The brand of the product
In today's business world, the importance of product brand. A brand is called a logo, a name, a trademark or a combination of all these elements. The idea of branding is to mark a product, give it an individual character and thus distinguish it from competing products.
Today, building a strong brand is an inseparable element of running a conscious, successful business.
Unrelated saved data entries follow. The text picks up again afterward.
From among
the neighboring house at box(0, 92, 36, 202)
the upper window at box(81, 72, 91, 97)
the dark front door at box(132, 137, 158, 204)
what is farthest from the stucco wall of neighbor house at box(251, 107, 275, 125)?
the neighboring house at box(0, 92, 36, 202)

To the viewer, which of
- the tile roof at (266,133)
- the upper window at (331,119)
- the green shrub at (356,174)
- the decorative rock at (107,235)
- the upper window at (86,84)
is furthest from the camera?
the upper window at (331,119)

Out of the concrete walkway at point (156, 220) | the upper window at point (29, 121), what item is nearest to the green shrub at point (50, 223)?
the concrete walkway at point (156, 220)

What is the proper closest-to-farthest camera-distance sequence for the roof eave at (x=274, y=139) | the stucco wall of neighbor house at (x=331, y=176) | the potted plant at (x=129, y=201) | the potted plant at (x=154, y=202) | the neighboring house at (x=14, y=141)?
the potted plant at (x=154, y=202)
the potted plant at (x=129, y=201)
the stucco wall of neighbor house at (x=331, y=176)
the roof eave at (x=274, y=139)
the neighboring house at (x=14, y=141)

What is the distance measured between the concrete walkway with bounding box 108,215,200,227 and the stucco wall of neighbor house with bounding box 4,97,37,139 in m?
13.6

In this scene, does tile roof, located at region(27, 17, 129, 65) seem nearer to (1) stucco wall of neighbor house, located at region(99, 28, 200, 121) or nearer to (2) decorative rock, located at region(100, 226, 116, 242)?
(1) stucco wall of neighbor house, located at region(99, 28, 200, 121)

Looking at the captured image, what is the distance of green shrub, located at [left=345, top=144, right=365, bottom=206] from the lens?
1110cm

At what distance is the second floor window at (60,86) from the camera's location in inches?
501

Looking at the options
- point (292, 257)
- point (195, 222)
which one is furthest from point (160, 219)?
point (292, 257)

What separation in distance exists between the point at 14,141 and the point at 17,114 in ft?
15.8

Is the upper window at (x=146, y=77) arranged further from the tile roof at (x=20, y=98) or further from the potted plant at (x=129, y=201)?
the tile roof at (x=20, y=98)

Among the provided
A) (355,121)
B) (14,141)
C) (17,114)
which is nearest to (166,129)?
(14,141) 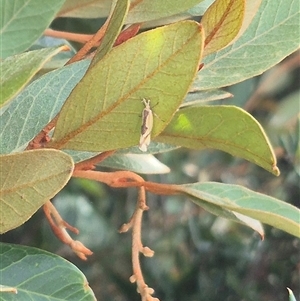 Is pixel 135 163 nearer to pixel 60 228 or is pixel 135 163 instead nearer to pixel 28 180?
pixel 60 228

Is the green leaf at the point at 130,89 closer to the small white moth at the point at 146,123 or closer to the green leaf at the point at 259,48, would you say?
the small white moth at the point at 146,123

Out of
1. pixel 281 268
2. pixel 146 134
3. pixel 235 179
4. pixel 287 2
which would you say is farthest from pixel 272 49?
pixel 235 179

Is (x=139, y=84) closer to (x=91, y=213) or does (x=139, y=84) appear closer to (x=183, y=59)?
(x=183, y=59)

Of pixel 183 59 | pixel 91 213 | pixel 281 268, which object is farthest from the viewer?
pixel 91 213

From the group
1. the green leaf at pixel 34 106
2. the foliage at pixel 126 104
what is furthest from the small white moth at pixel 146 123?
the green leaf at pixel 34 106

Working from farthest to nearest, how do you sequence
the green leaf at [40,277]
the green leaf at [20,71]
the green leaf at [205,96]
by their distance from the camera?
the green leaf at [205,96], the green leaf at [40,277], the green leaf at [20,71]

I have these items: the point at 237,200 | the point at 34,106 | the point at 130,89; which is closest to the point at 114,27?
the point at 130,89

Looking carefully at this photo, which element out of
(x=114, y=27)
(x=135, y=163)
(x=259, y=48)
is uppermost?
(x=114, y=27) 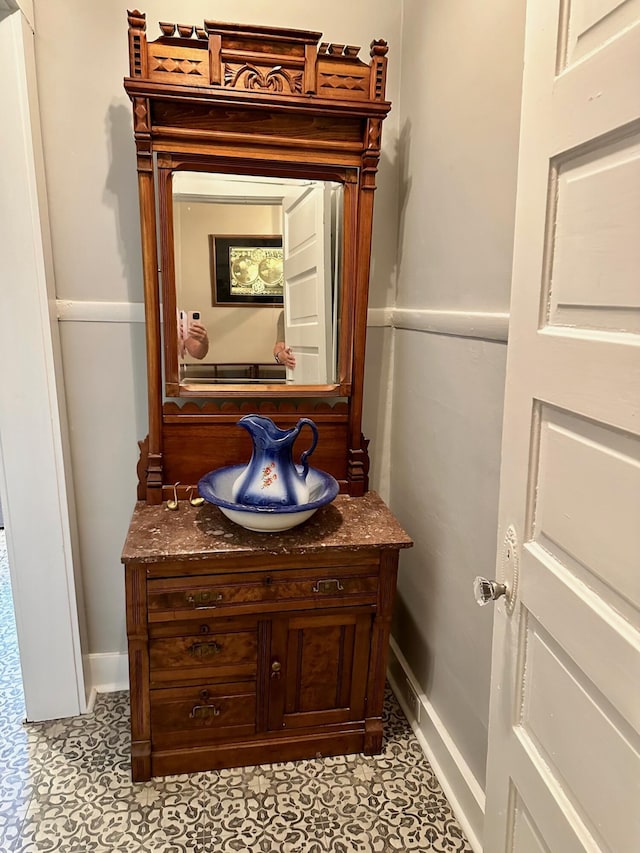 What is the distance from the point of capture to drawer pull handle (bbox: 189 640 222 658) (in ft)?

Brand is one of the most important factors influencing consumers' purchasing decisions.
Built the right way:
- helps to identify the characteristics of the product (e.g. specific origin or intended use),
- communicates the emotional benefits resulting from the purchase of a given product,
- transmits certain values that are valuable for a given market segment,
- fits into the consumer's lifestyle,
- makes the product remembered (and this increases the chances that the consumer will choose it again).
Brands product in marketing We can divide by brand sponsor, i.e. producer, intermediary and mixed brands, and by name scope, i.e. family, individual and combination brands.
Product life cycle in marketing
Everyone product in marketing has its life cycle, i.e. the period during which it is present in the market. The industry literature lists four phases:
- launching the product on the market,
- increase in sales,
- saturation / maturity,
- decline (decline) in sales.
In the first phase, the product appears on the market - it is not known yet, therefore the company has to invest in its promotion. Demand is growing slowly, revenues are low and promotion costs are high. The key to the first step is choosing the right pricing strategy from: fast "cream pick up", slow "cream pick up", fast penetration, slow penetration.
In the second phase, sales usually increase rapidly. Crafting and promotion costs go down. Thanks to this, the profit increases. At this stage, the company should focus its activities on expanding distribution channels. Moreover, it should strive to strengthen its market position.
At the maturity stage, the sale of the product reaches its highest level. At the same time, its dynamics is declining. The market is saturated with the product, substitutes appear. The company's task is to introduce appropriate marketing activities that will allow it to keep the product on the market.
The fourth phase is a drop in sales and diminishing profits. At this stage, the key is to identify the weaknesses of the product, analyze the activities so far and take appropriate steps. The company can: leave the product on the market, modify the strategy, or withdraw the product from the market.